Perturbated Gradients Updating within Unit Space for Deep Learning
This work addresses optimization challenges in image classification, offering a novel method that improves accuracy on standard benchmarks.
The paper tackles optimization in deep learning by proposing a new optimizer called Perturbated Unit Gradient Descent (PUGD), which achieves state-of-the-art Top-1 accuracy on Tiny ImageNet and competitive results on CIFAR-10 and CIFAR-100.

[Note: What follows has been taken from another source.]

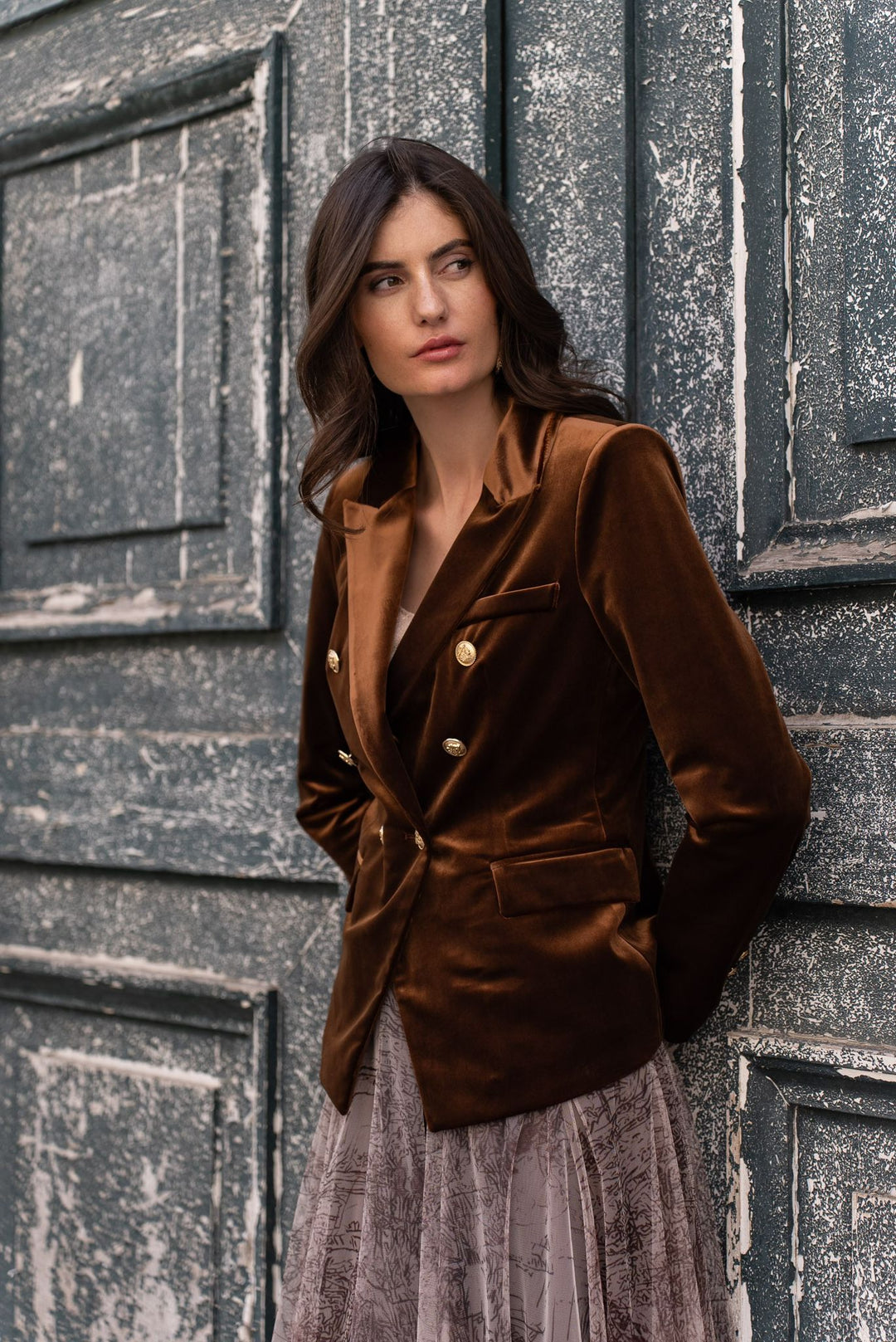 NEW Colours  | Victoria Velvet Blazer w| golden Military style buttons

In deep learning, optimization plays a vital role. By focusing on image classification, this work investigates the pros and cons of the widely used optimizers, and proposes a new optimizer: Perturbated Unit Gradient Descent (PUGD) algorithm with extending normalized gradient operation in tensor within perturbation to update in unit space. Via a set of experiments and analyses, we show that PUGD is locally bounded updating, which means the updating from time to time is controlled. On the other hand, PUGD can push models to a flat minimum, where the error remains approximately constant, not only because of the nature of avoiding stationary points in gradient normalization but also by scanning sharpness in the unit ball. From a series of rigorous experiments, PUGD helps models to gain a state-of-the-art Top-1 accuracy in Tiny ImageNet and competitive performances in CIFAR- {10, 100}. We open-source our code at link: https://github.com/hanktseng131415go/PUGD.